However, there may be times when your developers haven’t created the relationships you need, or they faced technical limitations. In these cases, Looker lets you combine data from different Explores to create data tables and visualizations.

Using the Merged Results feature, you can create a query from an Explore, then add queries from other Explores to display the merged results in a single table. From there, you can examine the data, pivot fields, and create visualizations.

Starting in Looker 5.0, Merged Results is an experimental Labs feature that must be set up by your Looker admin as described in this article. Admins can opt into the experimental beta group by creating and adding members to a Merged Results Beta Users group. Then the experimental feature appears and can be enabled.

Understanding Merged Results

When you merge queries, you start out by creating a single query from a single Explore, and then you add other queries onto that first query.

By default, that first query is considered the primary query. This is an important concept because when Looker matches the data to create the merged results, it matches each added query to the primary query (not to any other added query). So whenever you add a query, you need to include a dimension that can be matched to a dimension in the primary query.

Note that you can change which of the queries is used as the primary query, as described in Switching the Primary Query.
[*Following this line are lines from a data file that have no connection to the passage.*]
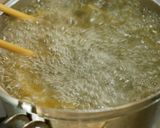 ～生クリームなし～牛乳の濃厚カルボナーラ作り方6写真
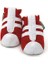 İkili Set, 6-18 Ay İplay Mama Önlüğü Ve 6-12ay Trainer Red Funky Süet Patik 2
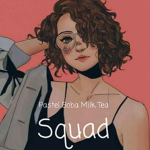 Pastel Boba Milk Tea Squad
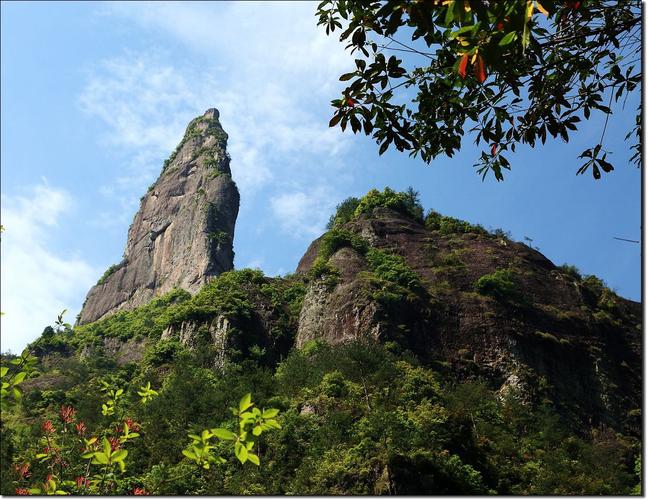 神仙居风景区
Below is an example set of queries and their merged results:

All of the primary query’s fields are displayed in the merged results, using the primary query’s names for the fields. Which means that if the primary query and an added query use different names for a matching dimension, then it is only the primary query’s dimension name that will be displayed in the results.

For those who are familiar with SQL joins, the Merged Results feature is basically performing a left join: The added query is being left joined into the primary query.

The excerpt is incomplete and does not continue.